[EXERCISE INPUTS]

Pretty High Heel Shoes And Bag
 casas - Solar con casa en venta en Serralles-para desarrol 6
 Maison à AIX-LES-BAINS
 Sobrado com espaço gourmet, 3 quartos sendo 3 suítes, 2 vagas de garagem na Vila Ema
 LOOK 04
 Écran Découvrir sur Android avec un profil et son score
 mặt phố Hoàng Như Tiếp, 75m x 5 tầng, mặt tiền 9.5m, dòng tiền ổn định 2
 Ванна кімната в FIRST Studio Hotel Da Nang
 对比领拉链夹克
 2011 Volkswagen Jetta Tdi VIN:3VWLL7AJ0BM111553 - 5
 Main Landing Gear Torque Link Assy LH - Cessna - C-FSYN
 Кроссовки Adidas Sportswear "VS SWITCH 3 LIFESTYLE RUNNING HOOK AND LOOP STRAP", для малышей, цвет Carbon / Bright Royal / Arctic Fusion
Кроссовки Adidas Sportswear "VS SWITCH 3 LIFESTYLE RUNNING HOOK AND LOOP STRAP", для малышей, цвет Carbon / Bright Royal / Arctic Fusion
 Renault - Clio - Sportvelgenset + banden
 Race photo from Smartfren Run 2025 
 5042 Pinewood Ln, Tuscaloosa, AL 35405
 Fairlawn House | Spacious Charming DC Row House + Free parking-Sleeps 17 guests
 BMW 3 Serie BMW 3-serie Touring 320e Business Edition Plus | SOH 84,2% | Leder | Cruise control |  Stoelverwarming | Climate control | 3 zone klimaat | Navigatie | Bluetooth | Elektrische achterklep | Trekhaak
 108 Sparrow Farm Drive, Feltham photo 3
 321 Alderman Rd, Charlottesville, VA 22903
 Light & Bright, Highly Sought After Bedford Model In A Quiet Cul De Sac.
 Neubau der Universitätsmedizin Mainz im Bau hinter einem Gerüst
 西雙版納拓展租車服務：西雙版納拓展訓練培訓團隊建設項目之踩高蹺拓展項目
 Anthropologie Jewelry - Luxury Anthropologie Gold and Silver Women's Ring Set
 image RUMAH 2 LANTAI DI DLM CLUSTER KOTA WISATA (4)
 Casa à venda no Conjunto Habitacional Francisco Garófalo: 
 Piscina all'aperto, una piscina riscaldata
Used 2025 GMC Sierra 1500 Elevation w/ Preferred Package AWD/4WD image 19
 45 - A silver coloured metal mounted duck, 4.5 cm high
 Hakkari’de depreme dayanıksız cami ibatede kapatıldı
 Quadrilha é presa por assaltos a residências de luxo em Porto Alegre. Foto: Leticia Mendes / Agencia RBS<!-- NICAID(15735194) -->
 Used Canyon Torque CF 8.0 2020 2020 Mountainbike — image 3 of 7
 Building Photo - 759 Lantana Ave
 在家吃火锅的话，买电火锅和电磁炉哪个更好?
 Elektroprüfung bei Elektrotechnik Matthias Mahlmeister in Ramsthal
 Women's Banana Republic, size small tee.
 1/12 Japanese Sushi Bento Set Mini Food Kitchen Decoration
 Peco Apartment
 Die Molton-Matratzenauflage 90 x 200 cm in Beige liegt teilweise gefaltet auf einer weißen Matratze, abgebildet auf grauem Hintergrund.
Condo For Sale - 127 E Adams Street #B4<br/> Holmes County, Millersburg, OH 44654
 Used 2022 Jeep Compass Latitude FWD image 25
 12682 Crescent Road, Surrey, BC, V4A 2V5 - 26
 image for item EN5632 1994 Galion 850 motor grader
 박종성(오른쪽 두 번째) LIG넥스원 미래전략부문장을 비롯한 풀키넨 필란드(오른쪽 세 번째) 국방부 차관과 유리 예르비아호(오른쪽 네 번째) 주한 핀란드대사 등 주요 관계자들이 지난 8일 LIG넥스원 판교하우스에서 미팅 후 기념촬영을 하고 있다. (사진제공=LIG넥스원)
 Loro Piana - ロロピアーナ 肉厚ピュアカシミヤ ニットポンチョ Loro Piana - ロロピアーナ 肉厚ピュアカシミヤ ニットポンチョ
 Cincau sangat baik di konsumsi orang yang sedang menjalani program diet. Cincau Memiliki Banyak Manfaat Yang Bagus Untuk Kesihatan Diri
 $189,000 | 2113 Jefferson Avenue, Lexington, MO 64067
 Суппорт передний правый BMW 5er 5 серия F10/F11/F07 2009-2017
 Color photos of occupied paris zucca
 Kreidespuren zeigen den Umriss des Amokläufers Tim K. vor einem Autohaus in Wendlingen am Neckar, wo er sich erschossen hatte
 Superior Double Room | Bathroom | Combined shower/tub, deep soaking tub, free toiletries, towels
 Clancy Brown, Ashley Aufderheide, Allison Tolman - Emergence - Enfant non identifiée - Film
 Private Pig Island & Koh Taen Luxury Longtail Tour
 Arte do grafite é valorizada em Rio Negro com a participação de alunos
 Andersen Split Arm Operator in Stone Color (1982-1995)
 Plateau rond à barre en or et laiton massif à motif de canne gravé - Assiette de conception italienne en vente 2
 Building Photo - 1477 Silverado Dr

[/EXERCISE INPUTS]

* [EXERCISE INSTRUCTIONS]:
Every record should be repeated exactly; please leave none out.

* [TASK SOLUTION]:
Pretty High Heel Shoes And Bag
 casas - Solar con casa en venta en Serralles-para desarrol 6
 Maison à AIX-LES-BAINS
 Sobrado com espaço gourmet, 3 quartos sendo 3 suítes, 2 vagas de garagem na Vila Ema
 LOOK 04
 Écran Découvrir sur Android avec un profil et son score
 mặt phố Hoàng Như Tiếp, 75m x 5 tầng, mặt tiền 9.5m, dòng tiền ổn định 2
 Ванна кімната в FIRST Studio Hotel Da Nang
 对比领拉链夹克
 2011 Volkswagen Jetta Tdi VIN:3VWLL7AJ0BM111553 - 5
 Main Landing Gear Torque Link Assy LH - Cessna - C-FSYN
 Кроссовки Adidas Sportswear "VS SWITCH 3 LIFESTYLE RUNNING HOOK AND LOOP STRAP", для малышей, цвет Carbon / Bright Royal / Arctic Fusion
Кроссовки Adidas Sportswear "VS SWITCH 3 LIFESTYLE RUNNING HOOK AND LOOP STRAP", для малышей, цвет Carbon / Bright Royal / Arctic Fusion
 Renault - Clio - Sportvelgenset + banden
 Race photo from Smartfren Run 2025 
 5042 Pinewood Ln, Tuscaloosa, AL 35405
 Fairlawn House | Spacious Charming DC Row House + Free parking-Sleeps 17 guests
 BMW 3 Serie BMW 3-serie Touring 320e Business Edition Plus | SOH 84,2% | Leder | Cruise control |  Stoelverwarming | Climate control | 3 zone klimaat | Navigatie | Bluetooth | Elektrische achterklep | Trekhaak
 108 Sparrow Farm Drive, Feltham photo 3
 321 Alderman Rd, Charlottesville, VA 22903
 Light & Bright, Highly Sought After Bedford Model In A Quiet Cul De Sac.
 Neubau der Universitätsmedizin Mainz im Bau hinter einem Gerüst
 西雙版納拓展租車服務：西雙版納拓展訓練培訓團隊建設項目之踩高蹺拓展項目
 Anthropologie Jewelry - Luxury Anthropologie Gold and Silver Women's Ring Set
 image RUMAH 2 LANTAI DI DLM CLUSTER KOTA WISATA (4)
 Casa à venda no Conjunto Habitacional Francisco Garófalo: 
 Piscina all'aperto, una piscina riscaldata
Used 2025 GMC Sierra 1500 Elevation w/ Preferred Package AWD/4WD image 19
 45 - A silver coloured metal mounted duck, 4.5 cm high
 Hakkari’de depreme dayanıksız cami ibatede kapatıldı
 Quadrilha é presa por assaltos a residências de luxo em Porto Alegre. Foto: Leticia Mendes / Agencia RBS<!-- NICAID(15735194) -->
 Used Canyon Torque CF 8.0 2020 2020 Mountainbike — image 3 of 7
 Building Photo - 759 Lantana Ave
 在家吃火锅的话，买电火锅和电磁炉哪个更好?
 Elektroprüfung bei Elektrotechnik Matthias Mahlmeister in Ramsthal
 Women's Banana Republic, size small tee.
 1/12 Japanese Sushi Bento Set Mini Food Kitchen Decoration
 Peco Apartment
 Die Molton-Matratzenauflage 90 x 200 cm in Beige liegt teilweise gefaltet auf einer weißen Matratze, abgebildet auf grauem Hintergrund.
Condo For Sale - 127 E Adams Street #B4<br/> Holmes County, Millersburg, OH 44654
 Used 2022 Jeep Compass Latitude FWD image 25
 12682 Crescent Road, Surrey, BC, V4A 2V5 - 26
 image for item EN5632 1994 Galion 850 motor grader
 박종성(오른쪽 두 번째) LIG넥스원 미래전략부문장을 비롯한 풀키넨 필란드(오른쪽 세 번째) 국방부 차관과 유리 예르비아호(오른쪽 네 번째) 주한 핀란드대사 등 주요 관계자들이 지난 8일 LIG넥스원 판교하우스에서 미팅 후 기념촬영을 하고 있다. (사진제공=LIG넥스원)
 Loro Piana - ロロピアーナ 肉厚ピュアカシミヤ ニットポンチョ Loro Piana - ロロピアーナ 肉厚ピュアカシミヤ ニットポンチョ
 Cincau sangat baik di konsumsi orang yang sedang menjalani program diet. Cincau Memiliki Banyak Manfaat Yang Bagus Untuk Kesihatan Diri
 $189,000 | 2113 Jefferson Avenue, Lexington, MO 64067
 Суппорт передний правый BMW 5er 5 серия F10/F11/F07 2009-2017
 Color photos of occupied paris zucca
 Kreidespuren zeigen den Umriss des Amokläufers Tim K. vor einem Autohaus in Wendlingen am Neckar, wo er sich erschossen hatte
 Superior Double Room | Bathroom | Combined shower/tub, deep soaking tub, free toiletries, towels
 Clancy Brown, Ashley Aufderheide, Allison Tolman - Emergence - Enfant non identifiée - Film
 Private Pig Island & Koh Taen Luxury Longtail Tour
 Arte do grafite é valorizada em Rio Negro com a participação de alunos
 Andersen Split Arm Operator in Stone Color (1982-1995)
 Plateau rond à barre en or et laiton massif à motif de canne gravé - Assiette de conception italienne en vente 2
 Building Photo - 1477 Silverado Dr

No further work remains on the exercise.